Task statement:
Retype each line of the listing below, from the first through the one holding "un edificio alto", with no other lines.
==*==
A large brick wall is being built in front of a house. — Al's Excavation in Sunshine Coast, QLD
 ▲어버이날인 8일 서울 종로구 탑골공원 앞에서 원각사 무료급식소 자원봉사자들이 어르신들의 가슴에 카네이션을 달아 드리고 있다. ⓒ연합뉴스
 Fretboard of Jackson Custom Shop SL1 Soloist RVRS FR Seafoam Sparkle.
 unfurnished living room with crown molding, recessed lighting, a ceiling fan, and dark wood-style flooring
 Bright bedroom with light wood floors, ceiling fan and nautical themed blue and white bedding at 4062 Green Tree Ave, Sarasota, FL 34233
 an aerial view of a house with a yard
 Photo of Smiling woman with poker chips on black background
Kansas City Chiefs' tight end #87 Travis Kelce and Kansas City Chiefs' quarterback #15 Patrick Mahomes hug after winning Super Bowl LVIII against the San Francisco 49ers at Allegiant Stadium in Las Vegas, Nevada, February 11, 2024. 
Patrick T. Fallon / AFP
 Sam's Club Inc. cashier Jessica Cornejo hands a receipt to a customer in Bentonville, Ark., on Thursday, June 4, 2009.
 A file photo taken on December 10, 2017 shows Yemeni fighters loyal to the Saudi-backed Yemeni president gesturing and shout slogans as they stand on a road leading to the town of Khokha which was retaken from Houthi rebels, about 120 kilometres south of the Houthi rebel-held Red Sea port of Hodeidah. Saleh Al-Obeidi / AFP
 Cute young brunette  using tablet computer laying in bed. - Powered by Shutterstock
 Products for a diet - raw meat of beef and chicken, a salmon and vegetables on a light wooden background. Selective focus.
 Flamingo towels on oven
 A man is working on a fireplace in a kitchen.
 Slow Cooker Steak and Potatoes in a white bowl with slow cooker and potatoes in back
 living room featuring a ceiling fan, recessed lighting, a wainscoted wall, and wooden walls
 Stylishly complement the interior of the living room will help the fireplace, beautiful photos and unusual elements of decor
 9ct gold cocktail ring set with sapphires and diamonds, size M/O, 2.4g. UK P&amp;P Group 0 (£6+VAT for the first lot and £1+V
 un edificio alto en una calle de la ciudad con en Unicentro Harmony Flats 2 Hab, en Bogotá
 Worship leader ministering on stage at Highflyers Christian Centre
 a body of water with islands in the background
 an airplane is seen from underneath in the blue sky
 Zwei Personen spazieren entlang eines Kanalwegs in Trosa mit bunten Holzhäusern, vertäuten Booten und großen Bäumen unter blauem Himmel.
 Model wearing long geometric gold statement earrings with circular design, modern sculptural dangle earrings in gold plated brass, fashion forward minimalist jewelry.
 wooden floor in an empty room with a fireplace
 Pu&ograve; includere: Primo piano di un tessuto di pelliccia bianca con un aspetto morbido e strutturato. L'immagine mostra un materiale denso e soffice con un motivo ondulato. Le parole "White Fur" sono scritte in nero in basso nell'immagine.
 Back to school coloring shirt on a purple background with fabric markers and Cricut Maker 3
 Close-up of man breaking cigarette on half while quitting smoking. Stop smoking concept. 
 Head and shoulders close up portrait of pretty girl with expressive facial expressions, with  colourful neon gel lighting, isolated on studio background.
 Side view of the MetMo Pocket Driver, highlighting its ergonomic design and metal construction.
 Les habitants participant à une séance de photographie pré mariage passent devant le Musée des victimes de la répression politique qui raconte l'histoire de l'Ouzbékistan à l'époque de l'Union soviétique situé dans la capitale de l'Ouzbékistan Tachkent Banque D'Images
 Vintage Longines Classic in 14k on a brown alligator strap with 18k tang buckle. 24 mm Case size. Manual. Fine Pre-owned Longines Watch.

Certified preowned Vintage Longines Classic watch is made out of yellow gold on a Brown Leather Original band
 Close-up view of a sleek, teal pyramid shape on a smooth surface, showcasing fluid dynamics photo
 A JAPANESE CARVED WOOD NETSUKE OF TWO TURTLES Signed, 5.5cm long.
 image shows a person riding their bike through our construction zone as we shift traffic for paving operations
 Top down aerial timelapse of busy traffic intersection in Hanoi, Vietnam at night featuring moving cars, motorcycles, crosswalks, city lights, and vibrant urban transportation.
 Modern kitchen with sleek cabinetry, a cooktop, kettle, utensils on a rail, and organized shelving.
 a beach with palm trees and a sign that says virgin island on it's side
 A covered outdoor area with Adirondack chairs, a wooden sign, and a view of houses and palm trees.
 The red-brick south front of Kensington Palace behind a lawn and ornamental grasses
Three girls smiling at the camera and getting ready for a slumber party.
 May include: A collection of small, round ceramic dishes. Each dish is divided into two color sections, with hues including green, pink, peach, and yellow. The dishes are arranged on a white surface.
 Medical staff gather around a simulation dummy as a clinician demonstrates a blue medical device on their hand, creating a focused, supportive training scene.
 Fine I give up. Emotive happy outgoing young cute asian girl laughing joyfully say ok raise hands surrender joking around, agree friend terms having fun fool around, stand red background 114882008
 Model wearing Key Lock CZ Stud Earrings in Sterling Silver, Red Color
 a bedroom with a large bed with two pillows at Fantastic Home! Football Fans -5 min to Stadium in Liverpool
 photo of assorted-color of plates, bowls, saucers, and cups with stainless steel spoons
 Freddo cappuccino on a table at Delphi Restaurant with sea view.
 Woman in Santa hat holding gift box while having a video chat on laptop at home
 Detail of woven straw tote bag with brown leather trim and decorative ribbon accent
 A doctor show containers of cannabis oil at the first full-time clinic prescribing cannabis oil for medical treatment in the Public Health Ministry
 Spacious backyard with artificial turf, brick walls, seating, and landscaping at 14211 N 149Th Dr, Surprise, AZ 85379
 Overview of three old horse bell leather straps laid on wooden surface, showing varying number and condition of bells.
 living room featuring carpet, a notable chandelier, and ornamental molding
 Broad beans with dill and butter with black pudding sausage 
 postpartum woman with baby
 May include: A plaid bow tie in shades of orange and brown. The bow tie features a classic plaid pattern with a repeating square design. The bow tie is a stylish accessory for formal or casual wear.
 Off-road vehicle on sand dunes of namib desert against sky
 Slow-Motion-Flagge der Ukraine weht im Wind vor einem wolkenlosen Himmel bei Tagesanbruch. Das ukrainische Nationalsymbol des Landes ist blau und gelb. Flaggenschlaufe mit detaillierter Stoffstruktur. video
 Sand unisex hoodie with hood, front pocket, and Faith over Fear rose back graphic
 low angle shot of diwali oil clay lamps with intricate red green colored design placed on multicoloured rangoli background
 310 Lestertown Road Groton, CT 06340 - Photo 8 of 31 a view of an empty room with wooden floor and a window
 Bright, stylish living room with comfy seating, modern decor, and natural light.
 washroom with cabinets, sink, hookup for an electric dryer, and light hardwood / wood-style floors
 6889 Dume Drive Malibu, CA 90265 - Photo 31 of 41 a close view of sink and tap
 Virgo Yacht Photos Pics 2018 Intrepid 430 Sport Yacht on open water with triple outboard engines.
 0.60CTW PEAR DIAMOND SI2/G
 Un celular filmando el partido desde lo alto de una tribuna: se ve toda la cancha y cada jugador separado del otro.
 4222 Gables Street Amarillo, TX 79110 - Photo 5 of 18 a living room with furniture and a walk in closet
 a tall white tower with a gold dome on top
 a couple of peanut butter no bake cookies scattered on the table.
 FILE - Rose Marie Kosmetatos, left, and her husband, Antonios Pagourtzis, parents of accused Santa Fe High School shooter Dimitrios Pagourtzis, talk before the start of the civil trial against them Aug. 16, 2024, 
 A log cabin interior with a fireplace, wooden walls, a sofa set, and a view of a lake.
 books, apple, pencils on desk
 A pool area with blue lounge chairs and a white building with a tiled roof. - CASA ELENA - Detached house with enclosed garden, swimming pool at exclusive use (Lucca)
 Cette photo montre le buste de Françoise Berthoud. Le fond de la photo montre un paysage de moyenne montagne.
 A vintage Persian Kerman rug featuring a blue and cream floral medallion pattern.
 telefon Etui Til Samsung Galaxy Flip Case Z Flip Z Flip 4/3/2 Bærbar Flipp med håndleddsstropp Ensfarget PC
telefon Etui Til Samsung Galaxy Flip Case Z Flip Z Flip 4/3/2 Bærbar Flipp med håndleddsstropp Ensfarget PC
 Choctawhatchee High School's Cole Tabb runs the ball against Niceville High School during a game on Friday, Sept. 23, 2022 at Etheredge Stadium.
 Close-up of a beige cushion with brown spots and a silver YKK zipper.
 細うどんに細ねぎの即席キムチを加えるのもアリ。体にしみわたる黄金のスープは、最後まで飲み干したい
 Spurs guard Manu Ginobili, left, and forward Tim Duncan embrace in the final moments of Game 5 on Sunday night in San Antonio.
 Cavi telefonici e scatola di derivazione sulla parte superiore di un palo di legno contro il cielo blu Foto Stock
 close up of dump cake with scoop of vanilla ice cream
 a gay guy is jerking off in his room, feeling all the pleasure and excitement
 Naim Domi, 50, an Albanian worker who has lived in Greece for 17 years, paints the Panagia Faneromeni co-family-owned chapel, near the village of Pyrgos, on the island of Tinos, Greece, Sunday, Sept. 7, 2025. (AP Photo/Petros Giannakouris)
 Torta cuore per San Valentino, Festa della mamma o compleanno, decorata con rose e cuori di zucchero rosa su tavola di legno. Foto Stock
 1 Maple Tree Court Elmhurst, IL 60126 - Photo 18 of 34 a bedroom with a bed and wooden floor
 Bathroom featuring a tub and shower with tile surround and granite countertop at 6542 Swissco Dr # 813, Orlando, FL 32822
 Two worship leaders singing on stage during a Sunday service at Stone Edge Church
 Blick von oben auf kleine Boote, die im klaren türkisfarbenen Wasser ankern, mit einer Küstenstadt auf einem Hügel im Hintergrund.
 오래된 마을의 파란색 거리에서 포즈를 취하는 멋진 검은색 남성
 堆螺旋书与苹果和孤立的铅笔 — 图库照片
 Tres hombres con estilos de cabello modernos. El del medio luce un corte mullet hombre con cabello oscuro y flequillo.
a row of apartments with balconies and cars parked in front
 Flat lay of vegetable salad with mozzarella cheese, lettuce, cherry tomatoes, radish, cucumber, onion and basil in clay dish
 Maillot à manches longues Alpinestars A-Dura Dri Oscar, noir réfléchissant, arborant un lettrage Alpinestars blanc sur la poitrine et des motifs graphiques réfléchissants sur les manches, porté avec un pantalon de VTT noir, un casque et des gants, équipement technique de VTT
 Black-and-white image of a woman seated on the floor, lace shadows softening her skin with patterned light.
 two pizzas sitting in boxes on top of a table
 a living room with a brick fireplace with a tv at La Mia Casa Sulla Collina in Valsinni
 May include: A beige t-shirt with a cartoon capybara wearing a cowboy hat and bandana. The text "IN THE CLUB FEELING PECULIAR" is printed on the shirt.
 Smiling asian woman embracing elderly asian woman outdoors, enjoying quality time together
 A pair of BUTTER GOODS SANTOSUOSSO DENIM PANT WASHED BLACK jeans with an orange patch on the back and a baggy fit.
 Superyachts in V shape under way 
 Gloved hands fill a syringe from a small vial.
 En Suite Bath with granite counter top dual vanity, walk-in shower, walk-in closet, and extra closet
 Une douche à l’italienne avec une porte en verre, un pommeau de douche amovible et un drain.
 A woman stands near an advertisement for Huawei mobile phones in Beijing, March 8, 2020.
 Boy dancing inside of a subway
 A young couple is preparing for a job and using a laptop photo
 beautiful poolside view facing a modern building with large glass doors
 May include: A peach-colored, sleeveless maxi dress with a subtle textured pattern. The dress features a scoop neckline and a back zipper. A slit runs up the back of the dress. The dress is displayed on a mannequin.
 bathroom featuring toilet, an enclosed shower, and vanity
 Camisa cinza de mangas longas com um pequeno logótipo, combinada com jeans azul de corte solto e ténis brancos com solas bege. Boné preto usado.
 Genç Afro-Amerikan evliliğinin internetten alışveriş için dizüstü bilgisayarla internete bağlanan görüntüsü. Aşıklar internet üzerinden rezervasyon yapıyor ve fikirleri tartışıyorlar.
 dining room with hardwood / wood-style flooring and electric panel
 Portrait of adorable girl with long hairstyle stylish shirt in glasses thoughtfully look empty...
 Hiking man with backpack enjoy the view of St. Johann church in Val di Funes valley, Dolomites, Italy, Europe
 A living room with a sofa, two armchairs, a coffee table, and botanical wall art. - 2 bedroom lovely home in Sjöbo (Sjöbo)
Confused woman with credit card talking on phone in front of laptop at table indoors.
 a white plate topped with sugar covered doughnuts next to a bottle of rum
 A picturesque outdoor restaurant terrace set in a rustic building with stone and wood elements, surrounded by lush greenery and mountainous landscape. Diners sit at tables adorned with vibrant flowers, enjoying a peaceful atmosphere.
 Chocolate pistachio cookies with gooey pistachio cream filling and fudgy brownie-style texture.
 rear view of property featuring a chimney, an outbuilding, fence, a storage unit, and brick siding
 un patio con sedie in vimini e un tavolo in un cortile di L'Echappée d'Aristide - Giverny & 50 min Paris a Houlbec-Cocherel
==*==
Output:
A large brick wall is being built in front of a house. — Al's Excavation in Sunshine Coast, QLD
 ▲어버이날인 8일 서울 종로구 탑골공원 앞에서 원각사 무료급식소 자원봉사자들이 어르신들의 가슴에 카네이션을 달아 드리고 있다. ⓒ연합뉴스
 Fretboard of Jackson Custom Shop SL1 Soloist RVRS FR Seafoam Sparkle.
 unfurnished living room with crown molding, recessed lighting, a ceiling fan, and dark wood-style flooring
 Bright bedroom with light wood floors, ceiling fan and nautical themed blue and white bedding at 4062 Green Tree Ave, Sarasota, FL 34233
 an aerial view of a house with a yard
 Photo of Smiling woman with poker chips on black background
Kansas City Chiefs' tight end #87 Travis Kelce and Kansas City Chiefs' quarterback #15 Patrick Mahomes hug after winning Super Bowl LVIII against the San Francisco 49ers at Allegiant Stadium in Las Vegas, Nevada, February 11, 2024. 
Patrick T. Fallon / AFP
 Sam's Club Inc. cashier Jessica Cornejo hands a receipt to a customer in Bentonville, Ark., on Thursday, June 4, 2009.
 A file photo taken on December 10, 2017 shows Yemeni fighters loyal to the Saudi-backed Yemeni president gesturing and shout slogans as they stand on a road leading to the town of Khokha which was retaken from Houthi rebels, about 120 kilometres south of the Houthi rebel-held Red Sea port of Hodeidah. Saleh Al-Obeidi / AFP
 Cute young brunette  using tablet computer laying in bed. - Powered by Shutterstock
 Products for a diet - raw meat of beef and chicken, a salmon and vegetables on a light wooden background. Selective focus.
 Flamingo towels on oven
 A man is working on a fireplace in a kitchen.
 Slow Cooker Steak and Potatoes in a white bowl with slow cooker and potatoes in back
 living room featuring a ceiling fan, recessed lighting, a wainscoted wall, and wooden walls
 Stylishly complement the interior of the living room will help the fireplace, beautiful photos and unusual elements of decor
 9ct gold cocktail ring set with sapphires and diamonds, size M/O, 2.4g. UK P&amp;P Group 0 (£6+VAT for the first lot and £1+V
 un edificio alto en una calle de la ciudad con en Unicentro Harmony Flats 2 Hab, en Bogotá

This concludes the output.